After Christmas when Russ said he was thinking of going to Palm Springs where his brother/summer golfing buddy had rented a house, I encouraged him to book the trip. After all, I have gone away to visit our daughter Leigh when she lived in Montreal, Quebec City and now Ottawa, and since I’m not interested in golf (even though I am interested in sunshine), it seemed a good opportunity for him to have a relaxing break.
Russ and I have been married nearly 36 years and it is sometimes the case that I have taken his presence for granted. In my own defence, he’s always here. As the date of his departure grew nearer, I became increasingly ill at ease at the thought of being alone for seven days, and my kids were worried about what I would eat. I told them if my university years had taught me anything, it was that one could live very well on toast and cereal. The one thing I wasn’t worried about was food.
After I dropped Russ off at the airport I went shopping to avoid returning home, but was still back in time to track the longer leg of his flight on my iPhone app. It’s the kind of thing where you can actually see the plane’s shadow on the ground below as it crosses over mountains and plains. OK it’s a digital shadow but it gave me the sense of losing the last of my kite string as the massive object in the sky drifted further and further from my world. I felt I might unravel like that imaginary ball of string.

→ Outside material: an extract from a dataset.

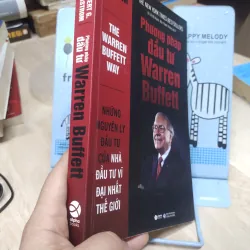 Sách: Phương pháp đầu tư Warren Buffet - TG: Robert G.Hagstrom (B1) 934197
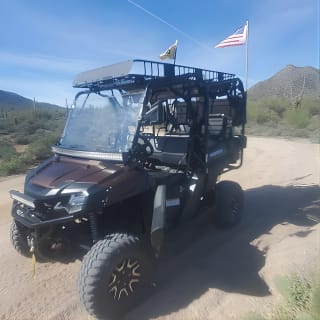 Bulldog Canyon Off-Road Adventure Tour 2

What was it about being alone (with my cats) that had me fearful? It wasn’t loneliness: I’m one of the most solitary people I know.
That first night, the TV was on, the radio was on (CBC), the lights were on, and I went to bed early just to get it over with. The cats lost no time moving from the foot of the bed to my head where they still think they belong even though Russ has been back for several weeks now.
Being alone seemed to free up the anxiety that I usually have an easier time keeping contained, and unreasonable worries about everything in general floated to the surface as easily as oil does on vinegar (I was having a side salad with my toast). However, after that first night at least I was no longer leaving the lights on.
Ours is not a dramatic story. We did not have a whirlwind romance when we were young, or sweep each other off our feet with declarations of undying love. It was more like a simmering awareness followed by an intensifying burn over these many years. In some ways the thought of it almost makes me feel sorry for young couples — they don’t yet know how many ways their love will be tested, and how hard it can be to choose to make sure it doesn’t grow cold.
Over time the way absence is felt changes — it isn’t the heat of longing as it is when you’re young. It’s more that your compass is off. Without Russ, I didn’t know which end was up.
After a few nights of telephone calls, we tried Face Time instead. I know the geography of that face — every deeply etched line, the many shades of green in his eyes. The face that filled my iPhone screen is a map travelled only by me. To others it might be pleasing, handsome even, or merely ordinary. But it is my earth, my holy ground. When I saw it, the compass was righted.
It’s good for couples to spend time apart to explore regions of the self that get lost in the shadows of togetherness. The anxiety I felt finally dissipated and the time on my own felt full and satisfying, even if my meals were not. Thank goodness it was only a week.